▶ TASK GOAL
Your response needs to be the data below, retyped exactly.

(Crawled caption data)
——

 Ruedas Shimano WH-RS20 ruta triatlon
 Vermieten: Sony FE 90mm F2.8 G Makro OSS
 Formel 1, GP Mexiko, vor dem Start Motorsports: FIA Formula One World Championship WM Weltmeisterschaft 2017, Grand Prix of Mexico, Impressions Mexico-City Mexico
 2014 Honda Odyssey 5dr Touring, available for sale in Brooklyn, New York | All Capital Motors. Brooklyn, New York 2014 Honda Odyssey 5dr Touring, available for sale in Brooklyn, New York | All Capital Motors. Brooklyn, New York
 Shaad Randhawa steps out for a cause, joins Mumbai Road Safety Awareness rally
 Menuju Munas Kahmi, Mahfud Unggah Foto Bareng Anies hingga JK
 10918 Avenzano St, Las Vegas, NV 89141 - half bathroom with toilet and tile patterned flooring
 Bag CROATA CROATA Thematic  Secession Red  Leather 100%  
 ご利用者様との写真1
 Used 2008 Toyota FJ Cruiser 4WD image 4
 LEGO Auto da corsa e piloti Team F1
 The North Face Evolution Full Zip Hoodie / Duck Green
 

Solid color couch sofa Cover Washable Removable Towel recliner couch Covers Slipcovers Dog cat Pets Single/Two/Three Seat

——

▶ TASK SOLUTION
 Ruedas Shimano WH-RS20 ruta triatlon
 Vermieten: Sony FE 90mm F2.8 G Makro OSS
 Formel 1, GP Mexiko, vor dem Start Motorsports: FIA Formula One World Championship WM Weltmeisterschaft 2017, Grand Prix of Mexico, Impressions Mexico-City Mexico
 2014 Honda Odyssey 5dr Touring, available for sale in Brooklyn, New York | All Capital Motors. Brooklyn, New York 2014 Honda Odyssey 5dr Touring, available for sale in Brooklyn, New York | All Capital Motors. Brooklyn, New York
 Shaad Randhawa steps out for a cause, joins Mumbai Road Safety Awareness rally
 Menuju Munas Kahmi, Mahfud Unggah Foto Bareng Anies hingga JK
 10918 Avenzano St, Las Vegas, NV 89141 - half bathroom with toilet and tile patterned flooring
 Bag CROATA CROATA Thematic  Secession Red  Leather 100%  
 ご利用者様との写真1
 Used 2008 Toyota FJ Cruiser 4WD image 4
 LEGO Auto da corsa e piloti Team F1
 The North Face Evolution Full Zip Hoodie / Duck Green
 

Solid color couch sofa Cover Washable Removable Towel recliner couch Covers Slipcovers Dog cat Pets Single/Two/Three Seat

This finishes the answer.